As wildfires have only recently been considered a material peril, the modelling is not as developed
Damage from large wildfires in Europe has jumped dramatically, with a 75% increase in the amount of land burnt in the latest year, shows analysis by Chaucer.
In 2020, 787,130 hectares of land were burnt across 35 European countries, up from 450,250 hectares in 2019.
It comes as fires continue to rage across many parts of Europe, including France, Spain, Hungary, Croatia, Portugal and Crete, causing damage to properties and a number of popular tourist destinations.
A new weather record has been set in Portugal, with 47C recorded in the town of Pinhao.
Climate change, urbanisation drives exposure
Ellen Gyandzhuntseva, head of Exposure Management at Chaucer says: “The significant increase in land destroyed by wildfires is creating a challenge for the industry.”
“Climate change and shifting demographic patterns are making wildfires more dangerous. Until modelling becomes more sophisticated, and the risk is better understood, wildfire risk in Europe will be difficult to adequately price.”
While much attention has been paid to the impact of climate change on wildfires in North America, European wildfires have also been increasing in frequency and severity as a result of climate change and urbanisation.
Higher temperatures have increased the risk of fires starting on the continent, whilst drought-like conditions from dry soil are also making it easier for wildfires to spread rapidly.
The abandonment of traditional agriculture in Mediterranean countries has contributed to a build-up of vegetation, resulting in increased size and severity of fires.
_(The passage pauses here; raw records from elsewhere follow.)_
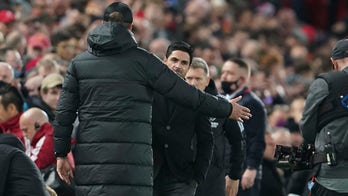Liverpool, Arsenal managers held back in heated moment during match
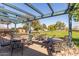 Inviting patio with shade and furnishings overlooking the community green space with picnic shelter at 12349 N 145Th Ave, Surprise, AZ 85379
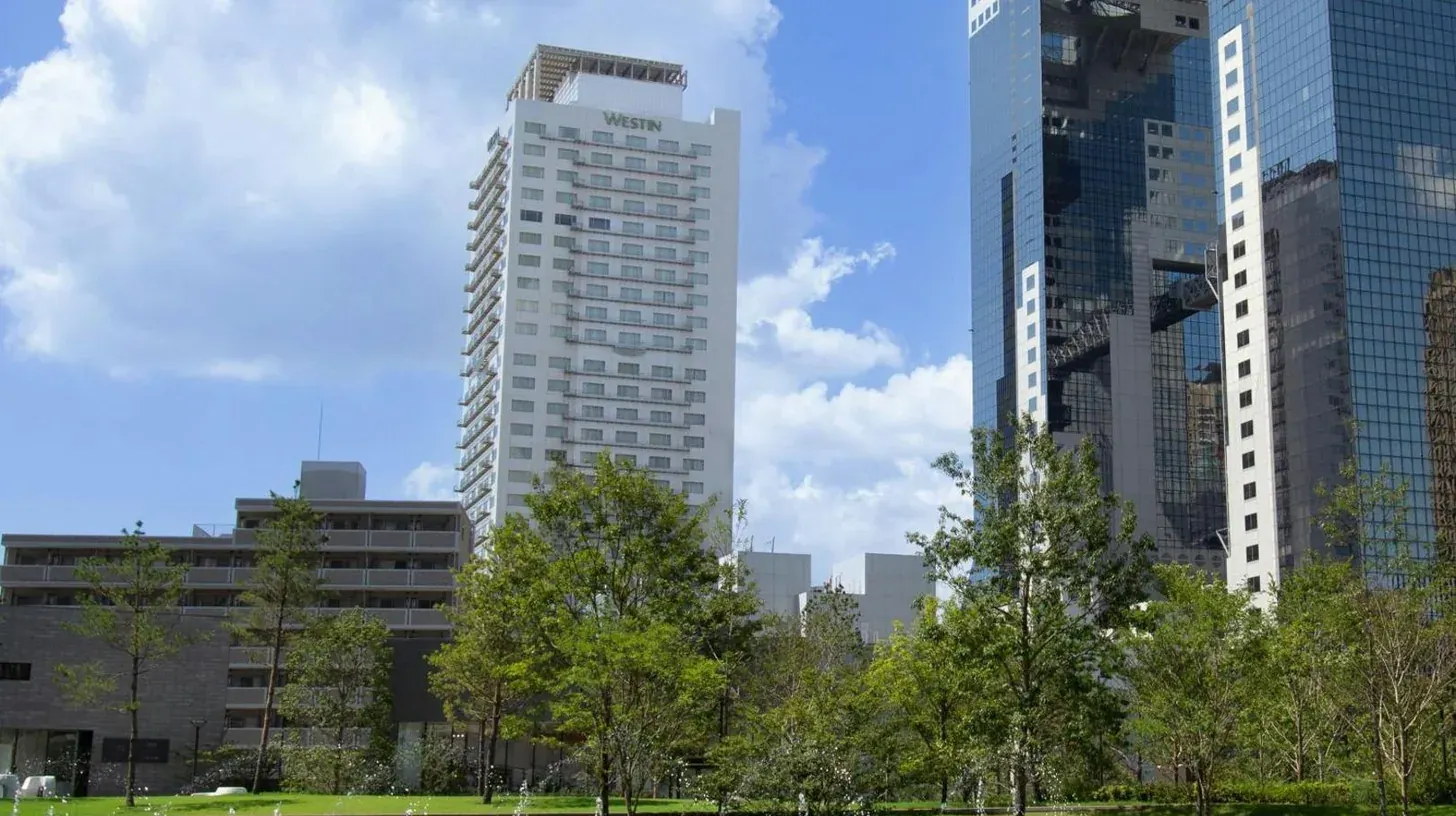 a city skyline with tall buildings and a park at The Westin Osaka in Osaka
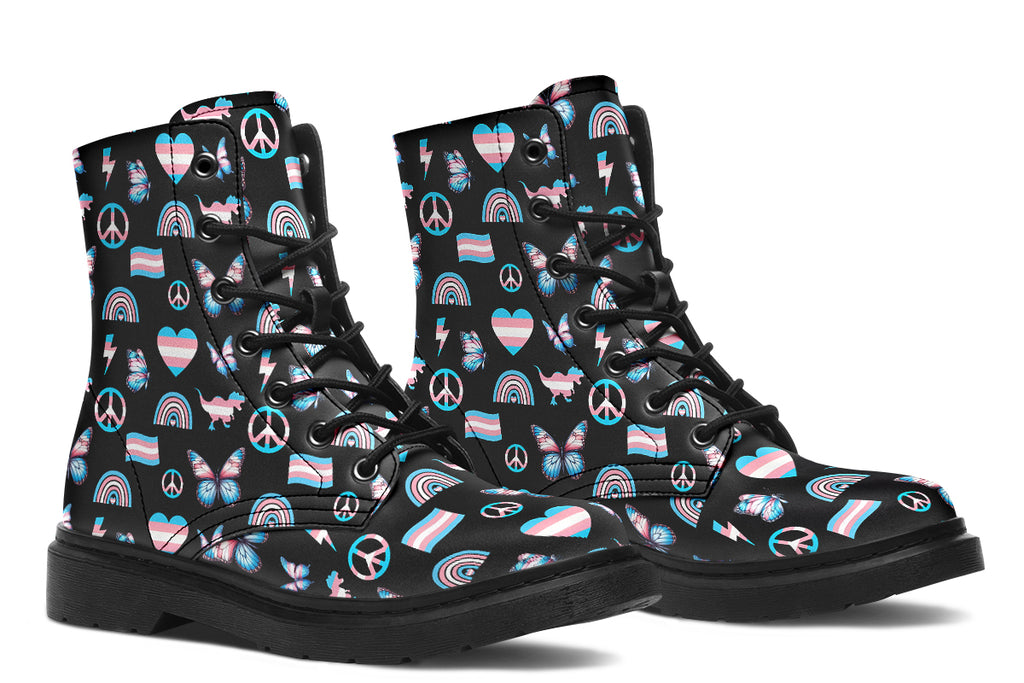 Black boots featuring a pattern of various icons in the trans flag colours, such as hearts, rainbows, peace signs, flags, butterflies and dinosaurs.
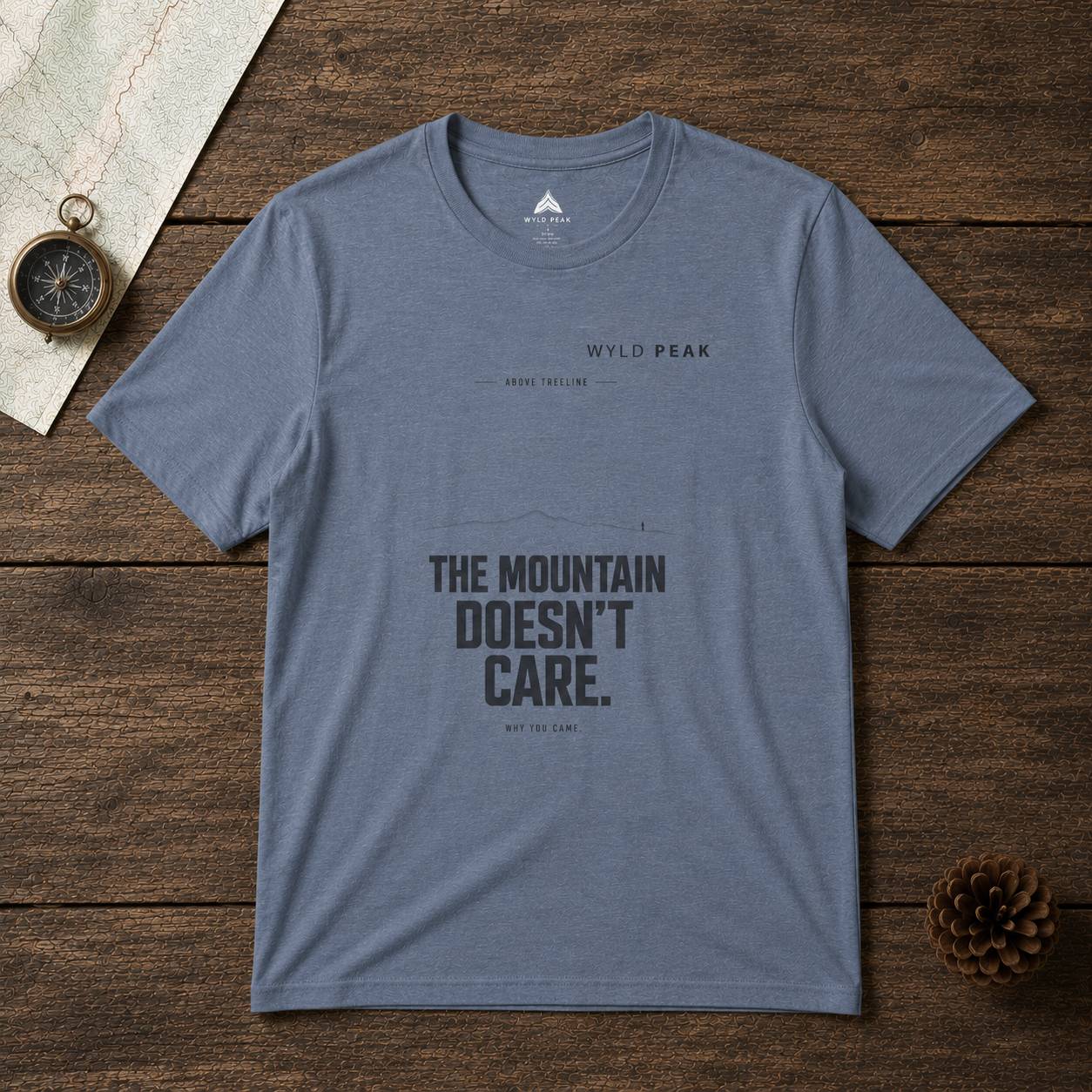 Blue t-shirt with 'The Mountain Doesn't Care' text on a wooden surface with a compass and pine cone.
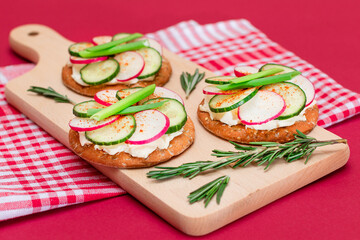 Light Breakfast or Diet Eating - Crispy Cracker Sandwich with Cream Cheese, Fresh Cucumber, Green Onions and Radish on Wooden Cooking Board on Magenta Background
As Europe is a densely-populated continent, the potential for material losses to property are considerable.
The fact that forest management practices have not kept up with evolving trends has made efforts to suppress wildfires considerably less effective, leading to more damage being caused.
Lack of models a challenge for underwriters
Modelling capabilities of wildfire risk in Southern Europe are less advanced when compared to the US and Canada.
As a result, (re)insurance companies are having to rely on internal methods for assessing risk rather than probabilistic hazard models. Although the industry has started to see some broker-led initiatives and solutions.
As wildfires have only recently been considered a material peril, the modelling used to predict behaviour is not as developed as that of other natural catastrophes, such as hurricanes.
The high number of variables that influence wildfire behaviour, such as weather patterns, fuel, property characteristics, topography (orientation towards the sun and land gradient, for example), also make patterns difficult to predict.
The countries which saw the largest increases in amount of land burnt in the past year include Bosnia & Herzegovina (246%); Croatia (130%); Italy (36%) and Greece (34%). A single fire in Bosnia and Herzegovina resulted in over 8,000 hectares being burnt.
Gyandzhuntseva says: “Wildfires have only become a major priority as a peril relatively recently. However, given the increase in frequency and severity, losses are beginning to mount. We have already seen some (re)insurers begin to limit their exposure as a result.”